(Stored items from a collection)

-- -- --

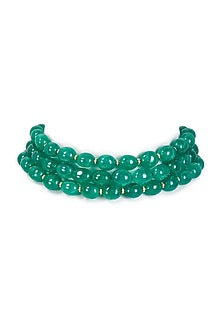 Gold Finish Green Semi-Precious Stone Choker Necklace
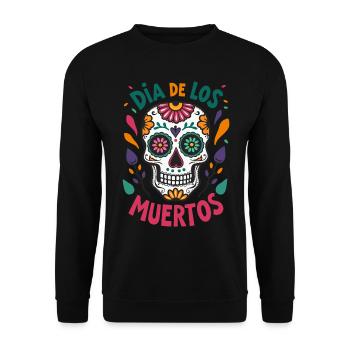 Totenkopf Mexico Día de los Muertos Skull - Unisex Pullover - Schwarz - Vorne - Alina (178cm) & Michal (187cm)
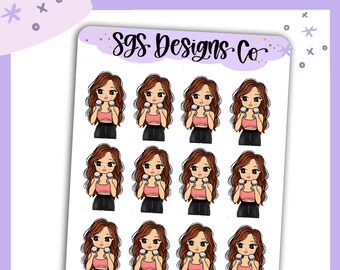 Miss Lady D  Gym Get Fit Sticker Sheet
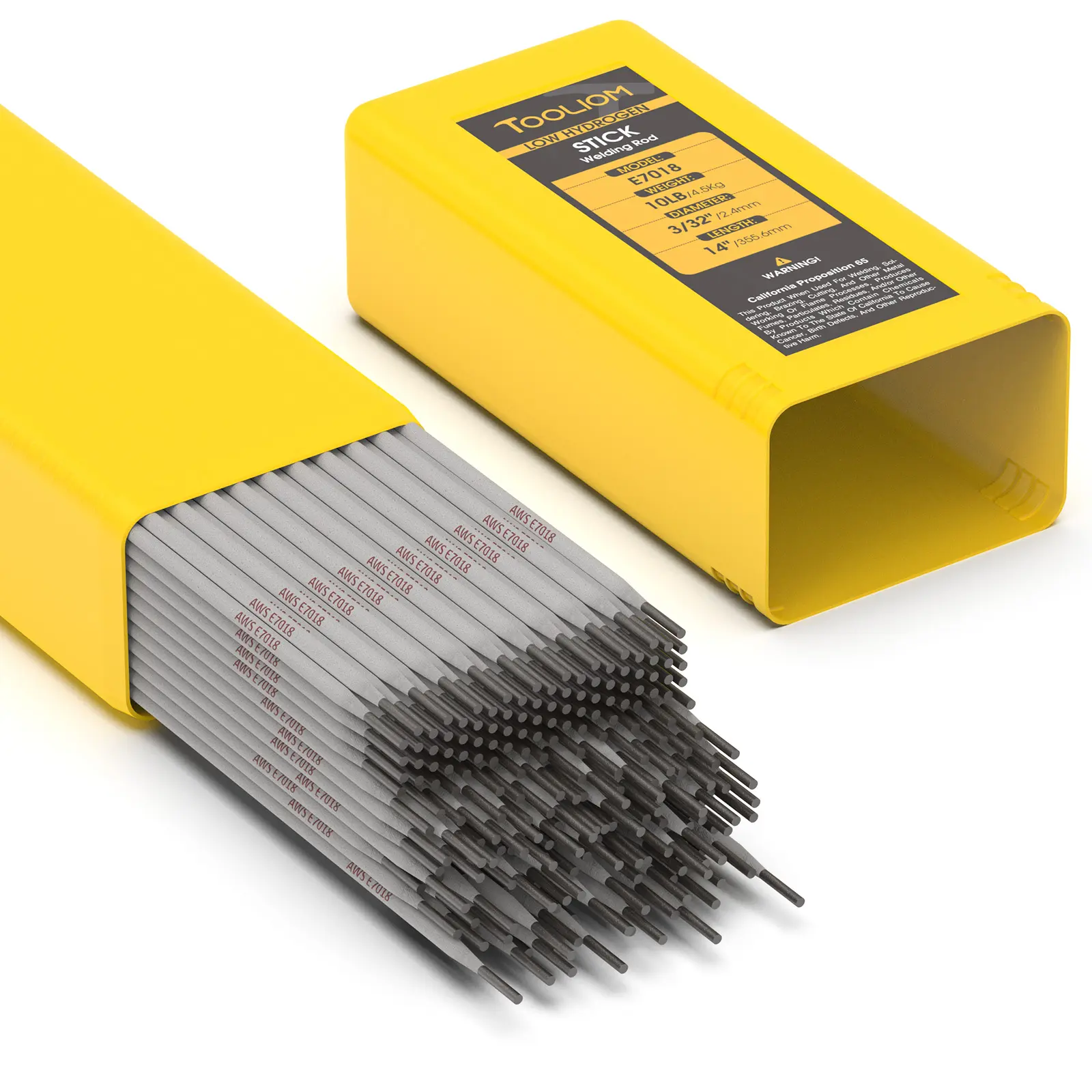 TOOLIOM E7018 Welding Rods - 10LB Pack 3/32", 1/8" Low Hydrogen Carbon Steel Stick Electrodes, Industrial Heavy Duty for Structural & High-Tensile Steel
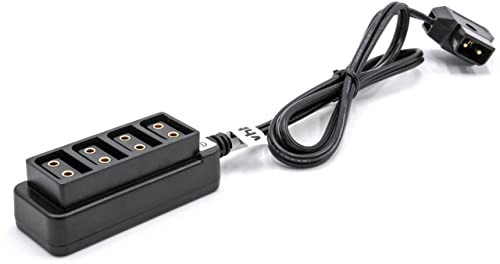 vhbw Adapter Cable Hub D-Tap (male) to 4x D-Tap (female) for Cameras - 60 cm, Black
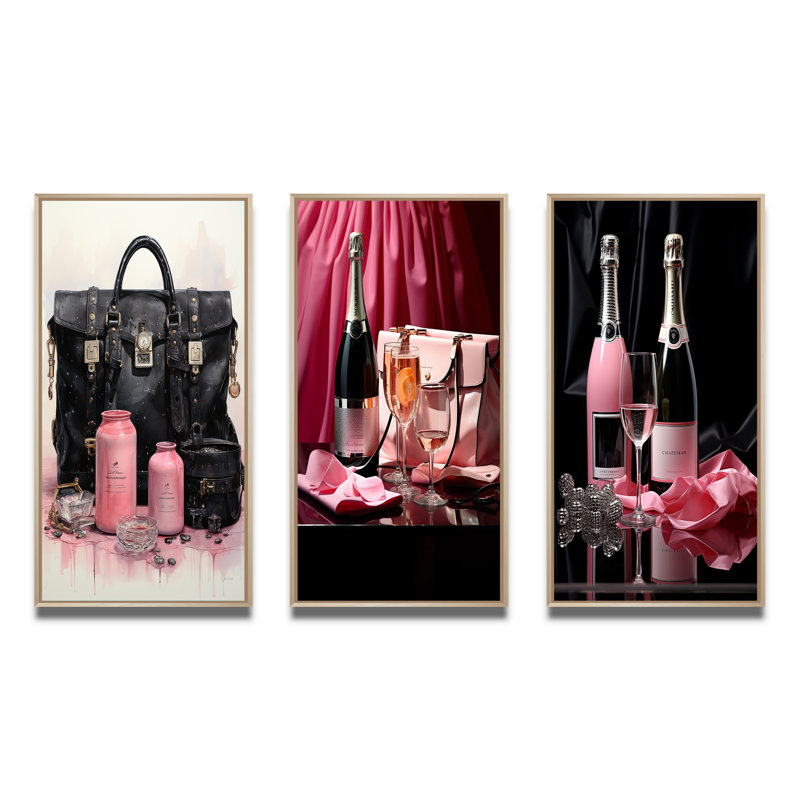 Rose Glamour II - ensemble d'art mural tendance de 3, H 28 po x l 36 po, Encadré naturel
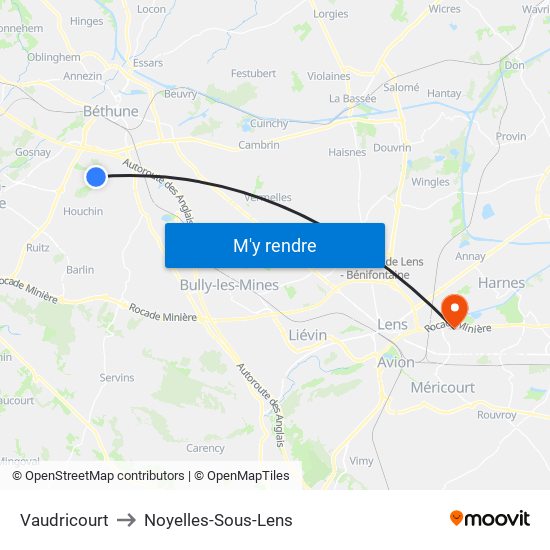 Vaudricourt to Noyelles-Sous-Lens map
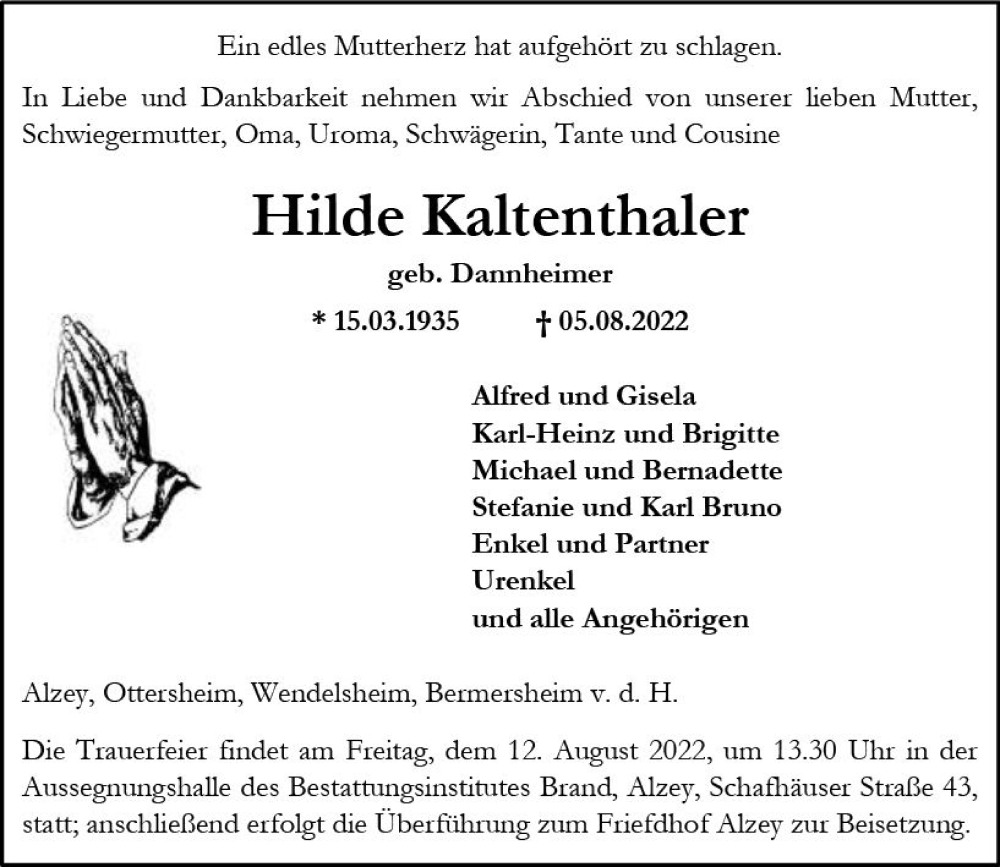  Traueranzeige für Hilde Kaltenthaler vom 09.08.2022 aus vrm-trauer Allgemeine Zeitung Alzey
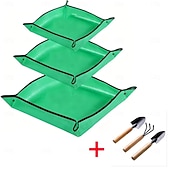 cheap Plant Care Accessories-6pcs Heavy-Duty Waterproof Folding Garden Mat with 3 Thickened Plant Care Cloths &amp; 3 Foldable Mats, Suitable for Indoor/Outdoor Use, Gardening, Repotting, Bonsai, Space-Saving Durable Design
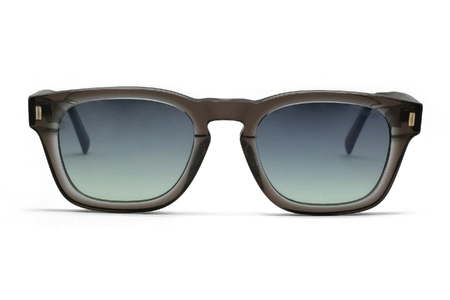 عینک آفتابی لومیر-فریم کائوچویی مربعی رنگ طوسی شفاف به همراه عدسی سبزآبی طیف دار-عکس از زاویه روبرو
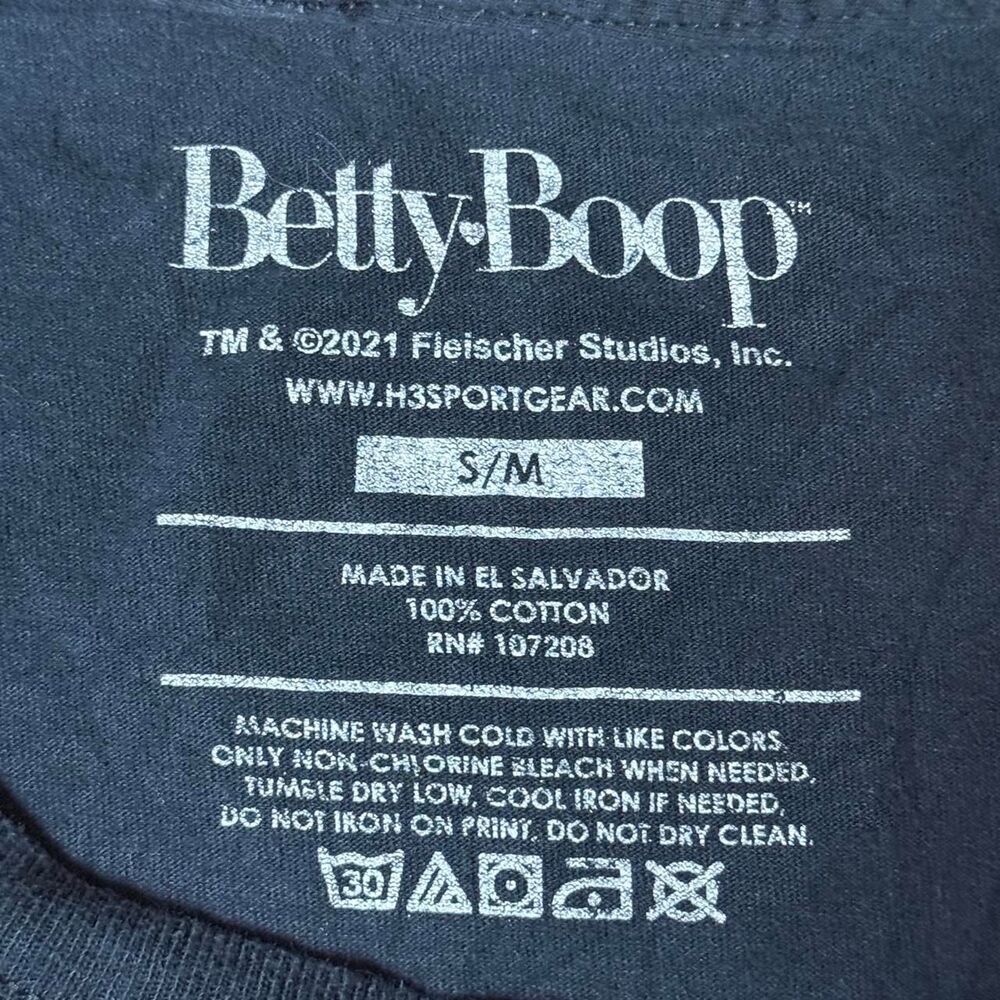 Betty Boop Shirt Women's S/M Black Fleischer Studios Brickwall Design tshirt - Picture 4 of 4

-- -- --

== What is required ==
Nothing but the lines from the start of the records through the line holding "Traueranzeige für Hilde" should be printed, exactly as written and with the pictures left out.

== Worked solution ==
 Gold Finish Green Semi-Precious Stone Choker Necklace
 Totenkopf Mexico Día de los Muertos Skull - Unisex Pullover - Schwarz - Vorne - Alina (178cm) & Michal (187cm)
 Miss Lady D  Gym Get Fit Sticker Sheet
 TOOLIOM E7018 Welding Rods - 10LB Pack 3/32", 1/8" Low Hydrogen Carbon Steel Stick Electrodes, Industrial Heavy Duty for Structural & High-Tensile Steel
 vhbw Adapter Cable Hub D-Tap (male) to 4x D-Tap (female) for Cameras - 60 cm, Black
 Rose Glamour II - ensemble d'art mural tendance de 3, H 28 po x l 36 po, Encadré naturel
 Vaudricourt to Noyelles-Sous-Lens map
  Traueranzeige für Hilde Kaltenthaler vom 09.08.2022 aus vrm-trauer Allgemeine Zeitung Alzey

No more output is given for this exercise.